Barack Obama backs No campaign on Scottish independence and calls for Britain to ‘remain strong, robust and united’

Washington has previously said the US would stay out of the union referendum debate

Adam Withnall
Thursday 05 June 2014 17:28 BST
US President Barack Obama speaks next to David Cameron at a joint news conference after their meeting at the G7 summit in Brussels
US President Barack Obama speaks next to David Cameron at a joint news conference after their meeting at the G7 summit in Brussels (Reuters)

Barack Obama has given a surprise boost to the unionist campaign ahead of the Scottish independence referendum, breaking ranks on the US’s impartial position to call on Britain to remain “a strong, robust, united and effective partner”.

Speaking at a press conference alongside Prime Minister David Cameron following the G7 summit in Brussels, the US President was asked for his thoughts with just 100 days to go until Scotland goes to vote.

And while he began by stating that it was ultimately “up to the people of Scotland”, Mr Obama said that the UK as it stands had been “an extraordinary partner” to the US and “it look[ed] like things have worked pretty well”.

He said: “We obviously have a deep interest in making sure that one of the closest allies we will ever have remains a strong, robust, united and effective partner.”

US diplomats have previously said that the country would stay out of both the independence and EU membership debates going on in the UK.

But Mr Obama also took the opportunity to suggest it is “hard to imagine” that it would be in Britain's interests to break away from Europe.

He nonetheless added: “This is why we have elections, and we'll see the arguments made, and I'm sure the people of Great Britain will make the right decision.”

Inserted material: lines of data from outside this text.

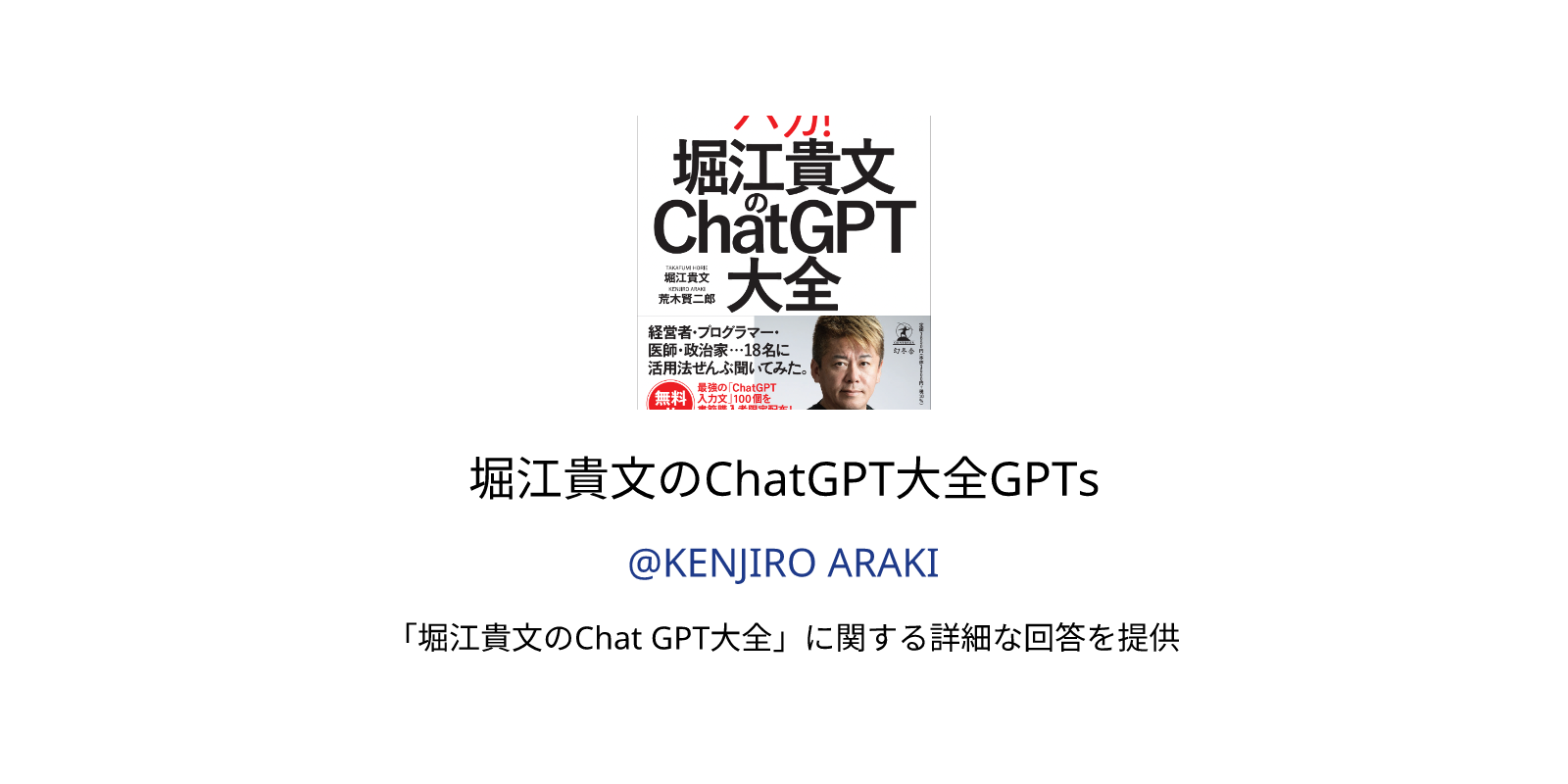堀江貴文のChatGPT大全GPTs GPTs author, description, features and 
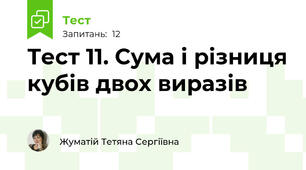 Тест 11. Сума і різниця кубів двох виразів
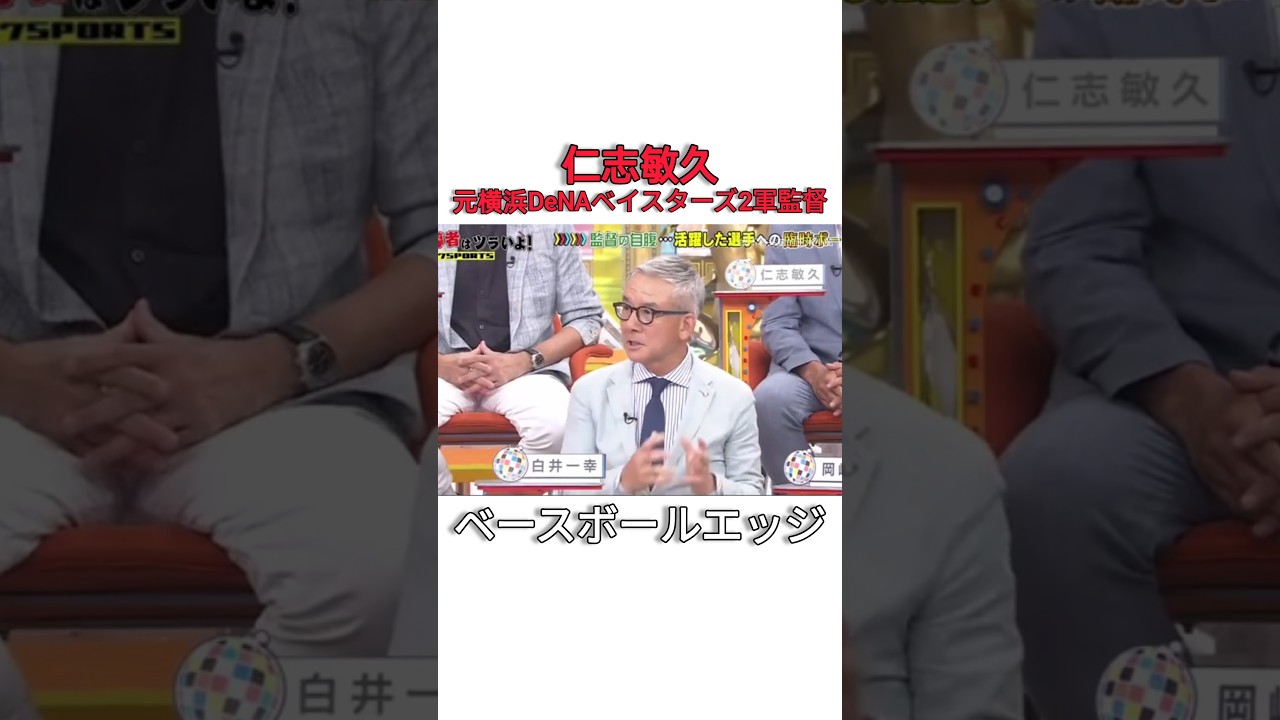 仁志敏久実使用支給ユニフォーム横浜Denaベイスターズ侍ジャパン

The Better Together “No” campaigners fighting to keep the union have seized on Mr Obama’s comments, mocking up versions of the iconic Obama “Hope” poster emblazoned with the word “Nope” instead.

The shadow Foreign Secretary and Better Together supporter Douglas Alexander said: “I welcome this important contribution by President Obama. His clear statement of support for the UK staying together will resonate with many of us here in Scotland.

As a global statesman President Obama understands that interdependence is a defining feature of our modern world, and that building bridges, not putting up new barriers, is the challenge of our generation.

Meanwhile, Mr Obama also spoke at the press conference about the ongoing controversy over the deal to secure the release of Sergeant Bowe Bergdahl from Taliban captivity.

The US President said he “absolutely makes no apologies” for seeking the deal that also saw five Afghan detainees from Guantanamo Bay returned to the Middle East.

When it comes to getting soldiers back from war, Obama said, “We don't condition whether we make the effort to get them back.”

He also said Bergdahl's health had been deteriorating and “we were deeply concerned about it”.

“We saw an opportunity and we seized it. And I make no apologies for that,” he said.